La journaliste Jenna Boulmedais, engagée contre les violences sexuelles, qui avait révélé les accusations de viol contre le rappeur Lomepal, se retrouve elle-même accusée d’avoir encouragé un viol

La journaliste Jenna Boulmedais, engagée contre les violences sexuelles, qui avait révélé les accusations de viol contre le rappeur Lomepal, se retrouve elle-même accusée d’avoir encouragé un viol par une actrice qui raconte ce qui s'est passé lors d'une soirée qui aurait mal tourné. 

La plaignante, Lisa Jane Rougerie; reproche à Jenna Boulmedais d’avoir incité un homme à aller la chercher dans sa chambre pour avoir une relation sexuelle contre son gré. Une enquête pour «viol» et «non-assistance à personne en danger» est en cours.

«Lors de vacances au cours d’une soirée, nous avons rencontré deux hommes qu’elle a invités dans notre logement. Elle m’a demandé si je souhaitais avoir un rapport sexuel avec l’un d’eux, j’ai refusé clairement et je me suis retirée dans ma chambre», explique la plaignante sur son compte Instagram.
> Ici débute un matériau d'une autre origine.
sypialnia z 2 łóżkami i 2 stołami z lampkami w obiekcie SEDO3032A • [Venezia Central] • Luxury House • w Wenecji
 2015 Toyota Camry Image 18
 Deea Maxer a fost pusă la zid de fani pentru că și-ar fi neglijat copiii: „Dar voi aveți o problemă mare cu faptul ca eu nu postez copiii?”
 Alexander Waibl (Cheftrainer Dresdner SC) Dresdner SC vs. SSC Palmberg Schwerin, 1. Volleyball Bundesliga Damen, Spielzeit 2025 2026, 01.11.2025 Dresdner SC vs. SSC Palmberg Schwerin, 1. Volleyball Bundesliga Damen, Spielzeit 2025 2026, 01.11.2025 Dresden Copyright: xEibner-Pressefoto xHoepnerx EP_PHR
Un homme aurait toutefois fait irruption dans sa chambre, nu, «après qu’il lui a été indiqué que j’étais consentante par Jenna Boulmedais», poursuit-elle.

Sidérée, Lisa Jane Rougerie aurait été conduite dans une pièce où se trouvaient son amie de 24 ans et un autre homme, nus eux aussi. Elle aurait alors été soumise à des actes sexuels. «Mon absence de consentement était manifeste et mes gémissements de douleur n’ont pas été pris en compte», écrit-elle.

Mercredi soir, Jenna Boulmedais a répondu, toujours sur Instagram, aux accusations dont elle fait désormais l’objet. «Je n’ai jamais organisé, commis, couvert ni encouragé une agression sexuelle ni un viol sous quelque forme que ce soit. On me reproche d’avoir dit à un homme d’aller la chercher, c’est faux. De même, elle était seule dans sa chambre alors comment peut-elle être certaine que la demande vient de moi ?» 

Chacune a eu un rapport sexuel avec un homme dans la même pièce mais ce n’est qu’après que la journaliste a compris que son amie n’était pas consentante, dit-elle, expliquant lui avoir proposé de l’accompagner déposer plainte.